Gransnet forums

Food

Help! Bread making

(34 Posts)
Stansgran Thu 06-Jun-13 22:43:48

I've just made a really good loaf using the no knead method . Three cups of flour one quarter tsp yeast one and a quarter tspp sea salt and one and a half cups water . This is from memory and it's late but it's on you tube. Leave overnight and then fold it over next day and leave for a couple of hours then cook in a very hot LE creuset lidded casserole .there are comments like any sort of yeast is ok and any flour will do but I'm not that brave.

Galen Thu 06-Jun-13 22:08:45

My strong four is Canadian!
It says use all purpose.
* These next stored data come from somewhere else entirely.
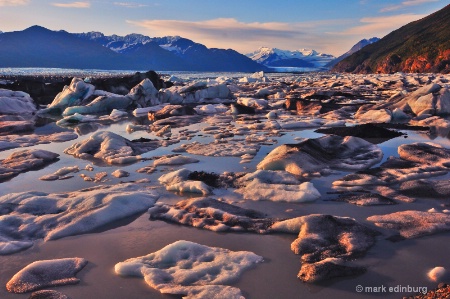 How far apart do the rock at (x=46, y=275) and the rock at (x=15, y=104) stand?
60.4 ft

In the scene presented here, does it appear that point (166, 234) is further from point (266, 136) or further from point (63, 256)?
point (266, 136)

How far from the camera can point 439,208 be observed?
4.56 meters

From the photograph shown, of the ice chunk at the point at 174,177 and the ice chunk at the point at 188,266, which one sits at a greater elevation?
the ice chunk at the point at 174,177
If use Canadian, alter recipe?
Reallyconfused

whenim64 Thu 06-Jun-13 21:40:56

One cup is about five ounces of bread flour but there are conversion tables on Google if you want to be really accurate. If I make a one pound loaf I just look at the instructions on the bag of flour and estimate the other ingredients accordingly.

Galen Thu 06-Jun-13 21:34:54

Who posted the original post?

Galen Thu 06-Jun-13 21:33:46

What about the measures?
Sorry, I'm new to this baking lark except with a bread maker!

whenim64 Thu 06-Jun-13 21:10:13

Just strong bread flour for bread making, Galen. I use the dough hook on its lowest setting for about five minutes and that always works out fine.

j08 Thu 06-Jun-13 21:09:14

Just knead/beat it till it's elastic.

j08 Thu 06-Jun-13 21:08:00

grin

All purpose flour is plain flour.

Cannot imagine what beat forty times mean

You could use either Kenwood with dough hook or breadmaker. I would use latter due to being lazy.

HTH

Galen Thu 06-Jun-13 21:01:40

Somebody posted a link to a book on artisan bread.
I've now got the book but the measures are American and refer to all purpose flour!
Can any body translate?
And what does'beat fourty times' mean?
Can I use my dough hook on my kenwood or the dough maker on my bread maker for it?